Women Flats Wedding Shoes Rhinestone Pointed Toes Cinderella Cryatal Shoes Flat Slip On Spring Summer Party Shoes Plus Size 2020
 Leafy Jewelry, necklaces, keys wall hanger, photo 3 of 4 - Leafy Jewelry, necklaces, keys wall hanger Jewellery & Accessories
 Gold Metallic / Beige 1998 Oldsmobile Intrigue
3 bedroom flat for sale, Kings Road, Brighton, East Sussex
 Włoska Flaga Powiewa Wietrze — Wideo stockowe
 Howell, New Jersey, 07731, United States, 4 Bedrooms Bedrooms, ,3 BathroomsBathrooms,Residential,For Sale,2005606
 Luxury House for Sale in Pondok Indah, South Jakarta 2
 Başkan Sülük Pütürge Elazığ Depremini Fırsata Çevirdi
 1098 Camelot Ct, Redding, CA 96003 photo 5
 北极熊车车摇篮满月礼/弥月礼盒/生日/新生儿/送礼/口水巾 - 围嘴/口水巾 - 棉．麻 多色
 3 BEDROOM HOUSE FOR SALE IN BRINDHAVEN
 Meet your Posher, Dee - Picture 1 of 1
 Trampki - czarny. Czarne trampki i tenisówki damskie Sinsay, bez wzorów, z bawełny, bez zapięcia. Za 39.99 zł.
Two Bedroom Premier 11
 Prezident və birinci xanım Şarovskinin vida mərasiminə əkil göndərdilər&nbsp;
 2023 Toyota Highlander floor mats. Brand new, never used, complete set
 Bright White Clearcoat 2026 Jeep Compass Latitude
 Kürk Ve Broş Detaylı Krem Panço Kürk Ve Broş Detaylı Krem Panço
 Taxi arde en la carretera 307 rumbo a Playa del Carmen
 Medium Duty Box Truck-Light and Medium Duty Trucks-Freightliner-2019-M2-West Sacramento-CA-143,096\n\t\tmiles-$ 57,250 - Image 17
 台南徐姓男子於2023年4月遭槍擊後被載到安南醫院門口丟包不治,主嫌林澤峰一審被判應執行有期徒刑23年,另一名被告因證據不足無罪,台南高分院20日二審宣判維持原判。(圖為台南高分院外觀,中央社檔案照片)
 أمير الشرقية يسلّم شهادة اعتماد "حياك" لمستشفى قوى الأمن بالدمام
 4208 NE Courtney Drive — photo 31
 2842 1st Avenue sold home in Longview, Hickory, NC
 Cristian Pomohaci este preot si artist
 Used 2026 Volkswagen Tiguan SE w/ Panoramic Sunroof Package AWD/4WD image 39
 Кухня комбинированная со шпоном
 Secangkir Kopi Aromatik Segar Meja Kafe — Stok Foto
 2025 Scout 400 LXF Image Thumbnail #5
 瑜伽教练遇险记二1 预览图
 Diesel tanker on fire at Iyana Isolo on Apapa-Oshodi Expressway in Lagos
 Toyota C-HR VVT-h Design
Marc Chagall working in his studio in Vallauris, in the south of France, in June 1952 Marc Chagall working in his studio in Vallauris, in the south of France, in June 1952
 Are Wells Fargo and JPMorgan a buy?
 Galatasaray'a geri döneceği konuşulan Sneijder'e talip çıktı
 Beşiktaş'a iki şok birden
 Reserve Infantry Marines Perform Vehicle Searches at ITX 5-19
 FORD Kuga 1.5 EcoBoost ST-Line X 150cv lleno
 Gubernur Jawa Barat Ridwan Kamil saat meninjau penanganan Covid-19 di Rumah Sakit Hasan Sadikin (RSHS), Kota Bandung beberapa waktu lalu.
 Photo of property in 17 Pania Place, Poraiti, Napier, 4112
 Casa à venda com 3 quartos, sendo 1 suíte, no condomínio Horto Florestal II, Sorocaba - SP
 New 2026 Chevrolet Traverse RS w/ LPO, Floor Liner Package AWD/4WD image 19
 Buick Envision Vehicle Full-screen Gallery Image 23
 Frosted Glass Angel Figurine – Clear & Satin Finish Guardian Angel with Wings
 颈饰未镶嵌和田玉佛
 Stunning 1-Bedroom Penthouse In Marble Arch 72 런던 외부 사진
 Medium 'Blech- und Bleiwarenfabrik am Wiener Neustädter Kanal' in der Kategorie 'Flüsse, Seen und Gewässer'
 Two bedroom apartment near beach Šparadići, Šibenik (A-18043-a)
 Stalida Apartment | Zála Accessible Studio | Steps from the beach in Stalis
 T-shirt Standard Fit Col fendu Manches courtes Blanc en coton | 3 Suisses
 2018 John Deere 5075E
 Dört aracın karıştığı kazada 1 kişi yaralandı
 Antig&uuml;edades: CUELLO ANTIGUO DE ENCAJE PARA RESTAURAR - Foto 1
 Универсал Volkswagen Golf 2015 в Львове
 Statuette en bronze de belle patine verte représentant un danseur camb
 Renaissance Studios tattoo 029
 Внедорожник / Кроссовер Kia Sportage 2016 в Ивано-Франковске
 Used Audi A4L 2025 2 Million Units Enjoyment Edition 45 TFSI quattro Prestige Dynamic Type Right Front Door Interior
--- --- ---
### [ABOUT THIS EXERCISE]
Of the lines above, output exactly those from the line bearing "Buick Envision Vehicle" through the line bearing "Two bedroom apartment", inclusive.

### [RESPONSE FOR THIS EXERCISE]
 Buick Envision Vehicle Full-screen Gallery Image 23
 Frosted Glass Angel Figurine – Clear & Satin Finish Guardian Angel with Wings
 颈饰未镶嵌和田玉佛
 Stunning 1-Bedroom Penthouse In Marble Arch 72 런던 외부 사진
 Medium 'Blech- und Bleiwarenfabrik am Wiener Neustädter Kanal' in der Kategorie 'Flüsse, Seen und Gewässer'
 Two bedroom apartment near beach Šparadići, Šibenik (A-18043-a)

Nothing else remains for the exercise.